Nyxoah's Sleep Apnea Trial Meets Primary Endpoints
Nyxoah announced its BETTER SLEEP trial met primary safety and performance endpoints for the Genio® hypoglossal nerve stimulation system, showing statistically significant reductions in sleep apnea severity.

Medical technology company Nyxoah announced on June 7, 2021, that its BETTER SLEEP clinical trial met its primary safety and performance endpoints. The trial evaluated the long-term safety and performance of the Genio® system, which provides bilateral hypoglossal nerve stimulation, in 42 adult Obstructive Sleep Apnea (OSA) patients.
The trial's top-line results showed a statistically significant mean reduction in the Apnea Hypopnea Index (AHI) from baseline to six months post-implantation in the overall cohort, as well as in a subgroup of patients with Complete Concentric Collapse (CCC) of the soft palate. Approximately 42.9% of the study population had CCC.

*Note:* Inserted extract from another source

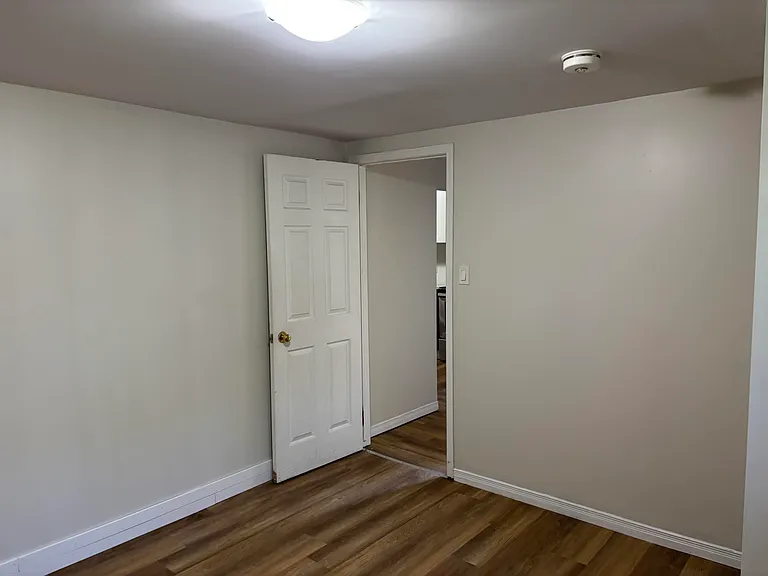 40 Barron St — Photo 5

Dr. Richard Lewis, the study's principal investigator, described the results as highly encouraging, particularly for the CCC patient subgroup, who are typically excluded from unilateral hypoglossal nerve stimulation treatments. The Genio® system demonstrated a significant AHI reduction in these patients, with the treatment being well-tolerated.
Nyxoah CEO Olivier Taelman stated the results support the company's belief in the Genio® system's potential to deliver positive clinical outcomes for CCC patients. The company plans to use these findings to expand the CE-mark indication to include CCC patients and initiate discussions with the U.S. Food and Drug Administration (FDA). Nyxoah expects to release further data as analyses are completed.